Problem description: Using the entries below, copy exactly each line from the line with "Antibacterial Hall Carpet, Purple, 31.5" up to and including the line with "Three Trees Vanilla", with every picture left out.

Data provided Start Marker

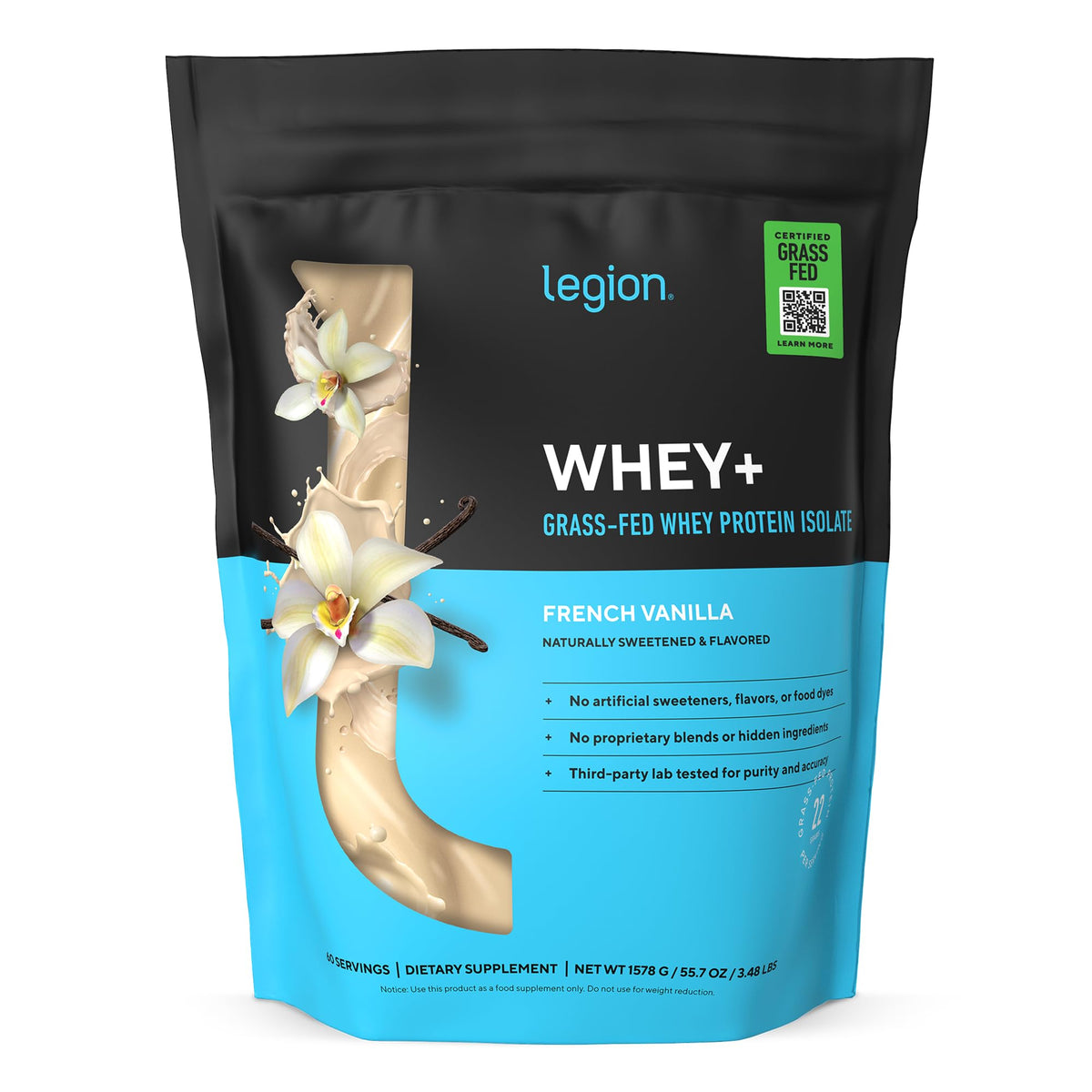 Legion Whey+ Protein Isolate Grass Fed, Chocolate, 30 Servings
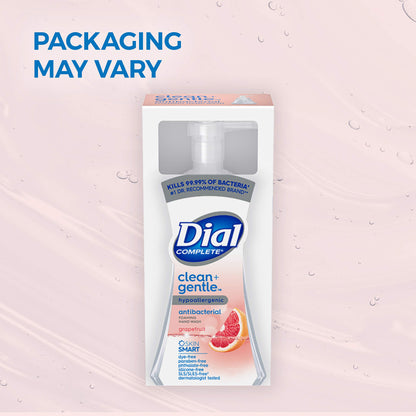 Dial Complete Clean + Gentle Antibacterial Foaming Hand Wash, Grapefruit, 7.5 Fl Oz, 8 Count Case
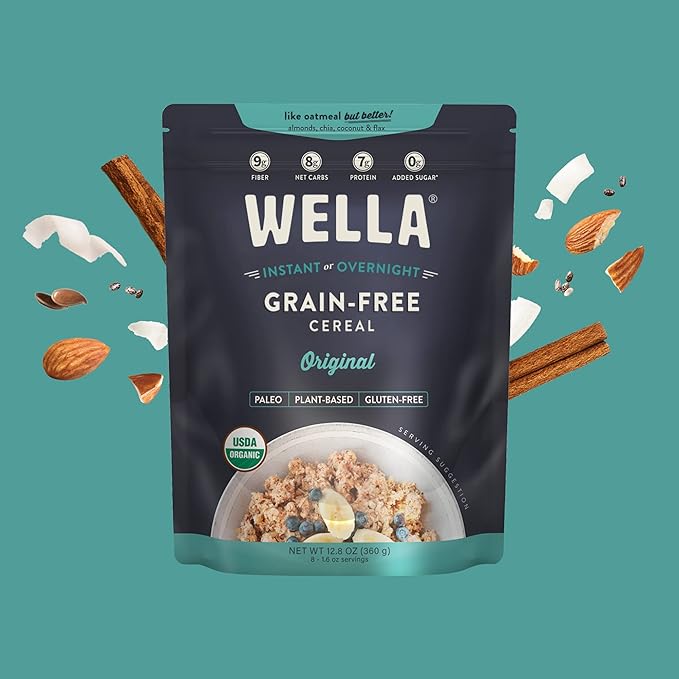 Wella Cereal Oatmeal Alternative Gluten-Free Breakfast Hot Cereal Grain-Free Paleo Organic Vegan High Protein Superfood Plant-Based Non-GMO Low in Net Carbs Multi-Serve Bags Bundle Original &amp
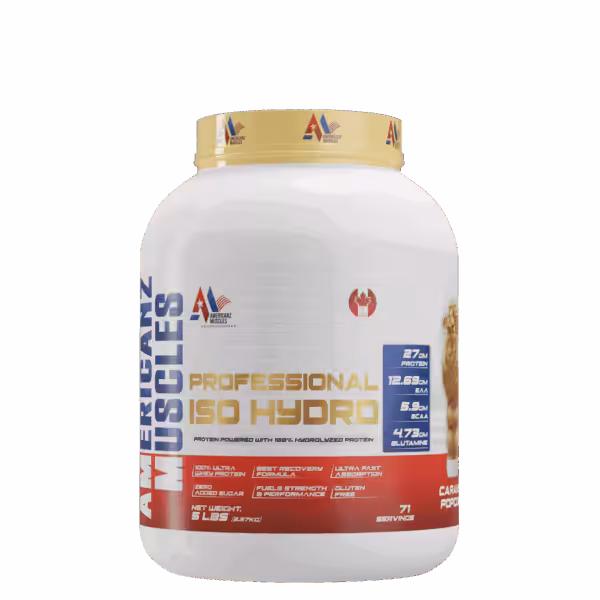 Americanz Muscles Professional ISO Hydro Caramel Popcorn protein powder, 5 lbs, 71 servings, 27g protein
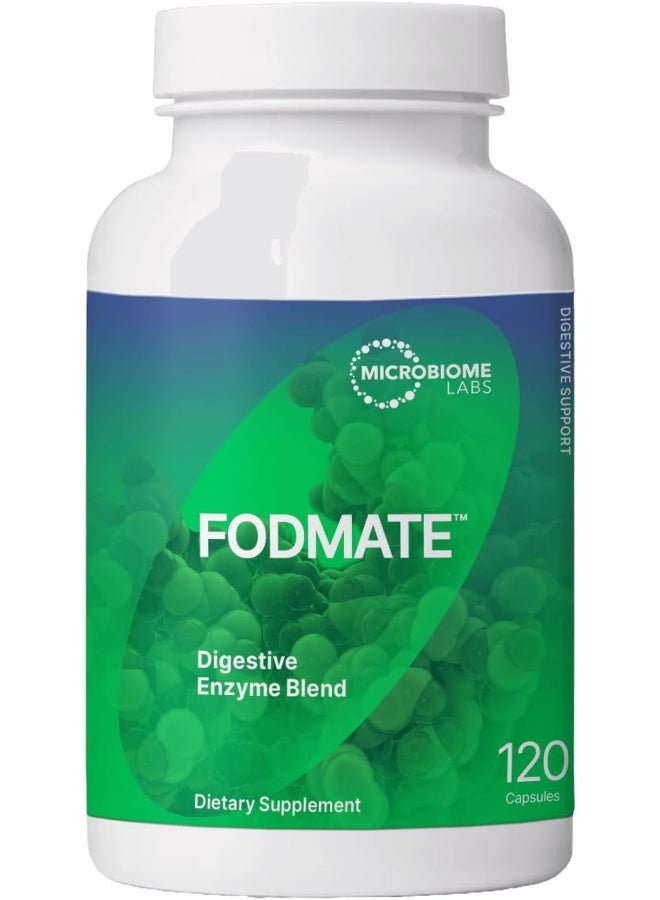 Microbiome Labs Fodmate - Digestive Enzyme Blend with Lactase + Alpha Galactosidase - Multi Enzyme Supplement to Support Occasional Bloating Relief & FODMAP Digestion (120 Count) - Image 1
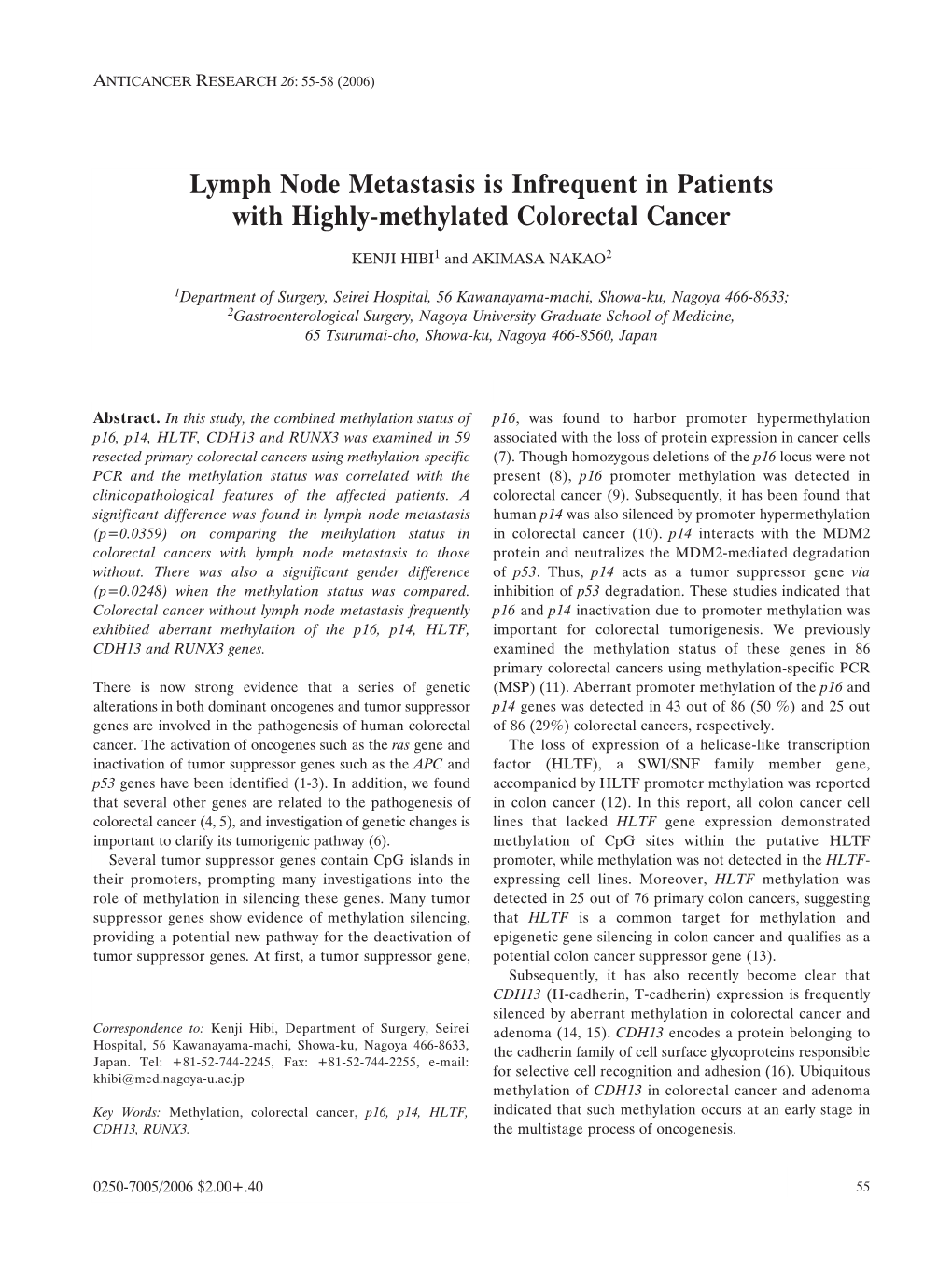 Lymph Node Metastasis Is Infrequent in Patients with Highly-Methylated Colorectal Cancer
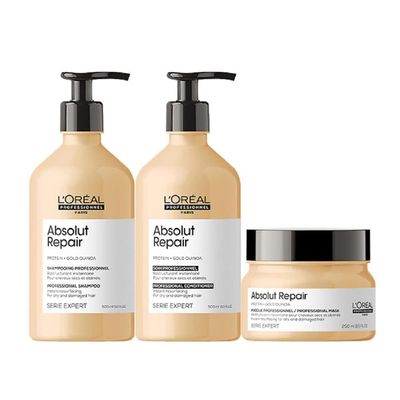 L'Oral Professionnel Paris Absolut Repair Shampoo, Conditioner & Mask Hair Set - Protein Treatment For Dry & Damaged Hair, Repairs Damage & Provides Shine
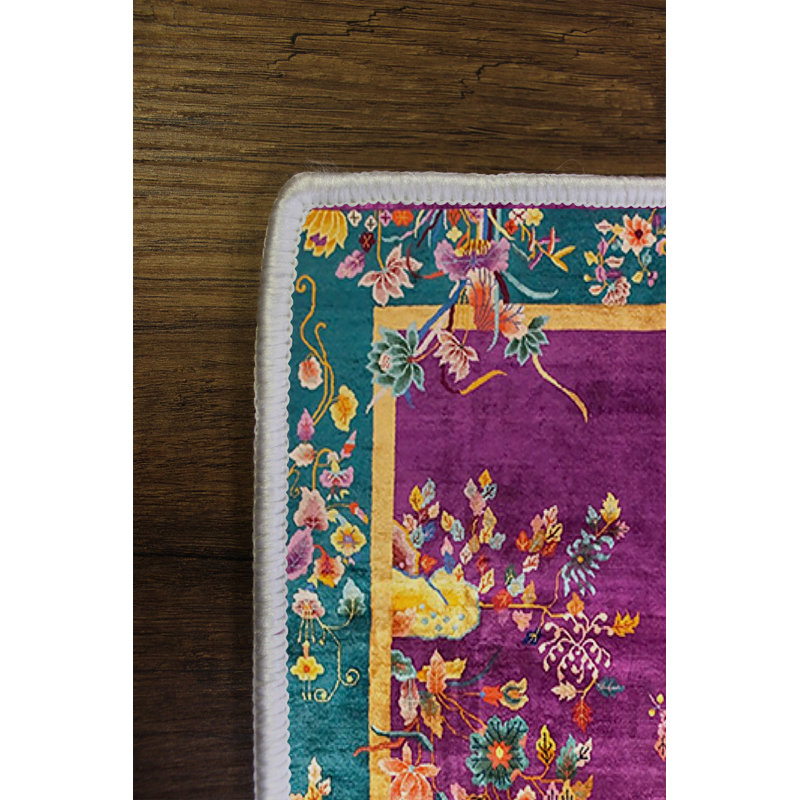 Antibacterial Hall Carpet, Purple, 31.5 x 59.1 inches | 100% Polyester, 650 g/m², 0.2 inch Pile Height | Eco-Friendly, Non-Slip PVC Dot Underside, Machine Washable | Perfect for Home Decor & Comfortable Living Spaces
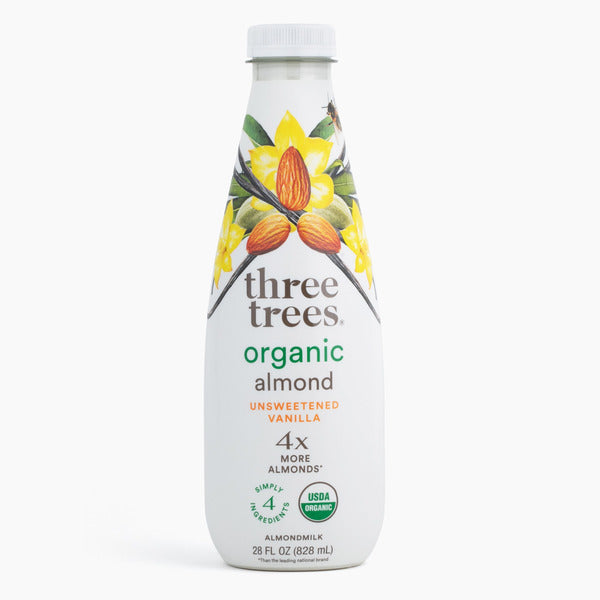 Three Trees Vanilla Almond Milk, 10.5g Protein per Bottle, 4x More Almonds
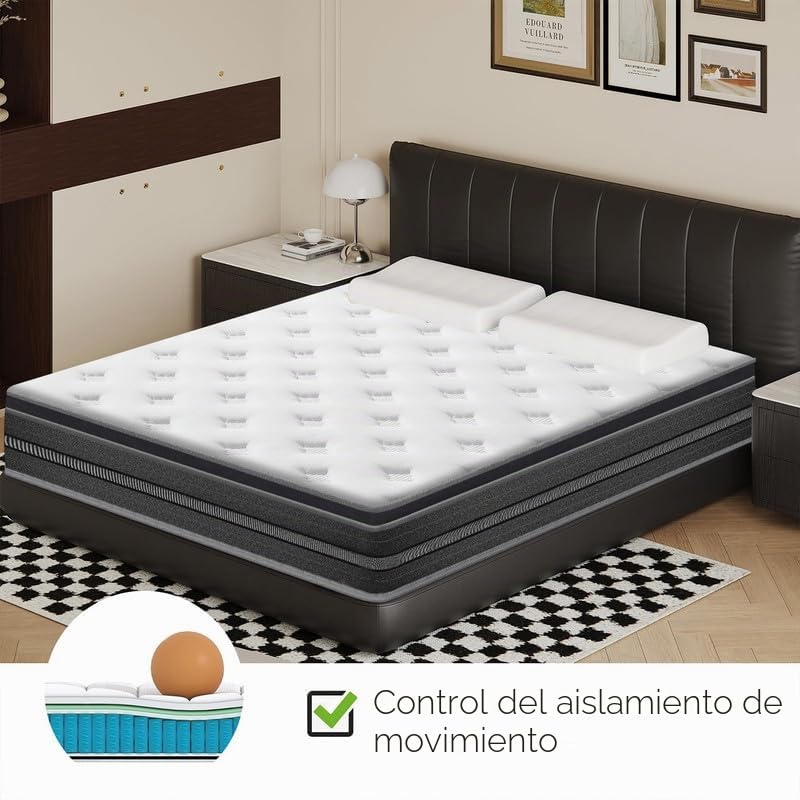 Colchón Viscoelástico 140x200 cm Espuma de Memoria, Altura 32cm, Confort y Firmeza Media | Antiácaros, Antibacteriano, Transpirable, Hipoalergénico | Certificado Oeko-Tex, Colchón Muelles Ensacados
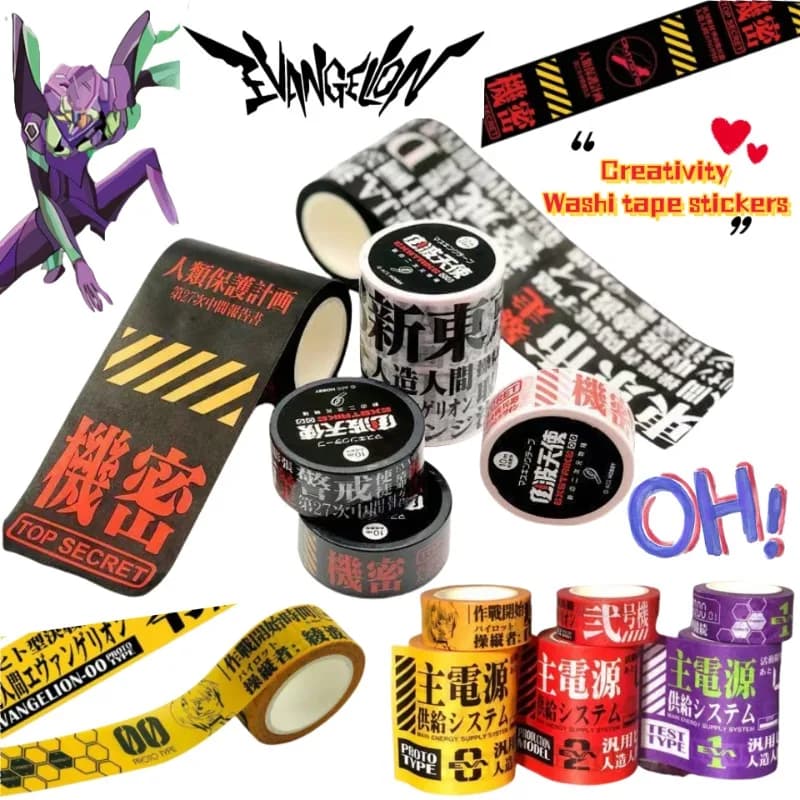 NEON GENESIS EVANGELION EVA-01 TYPE Creative Cartoon Washi Tape Wall decals for students Baggage Notebook Decoration FAI DA TE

Data provided End Marker

Response to this exercise:
 Antibacterial Hall Carpet, Purple, 31.5 x 59.1 inches | 100% Polyester, 650 g/m², 0.2 inch Pile Height | Eco-Friendly, Non-Slip PVC Dot Underside, Machine Washable | Perfect for Home Decor & Comfortable Living Spaces
 Three Trees Vanilla Almond Milk, 10.5g Protein per Bottle, 4x More Almonds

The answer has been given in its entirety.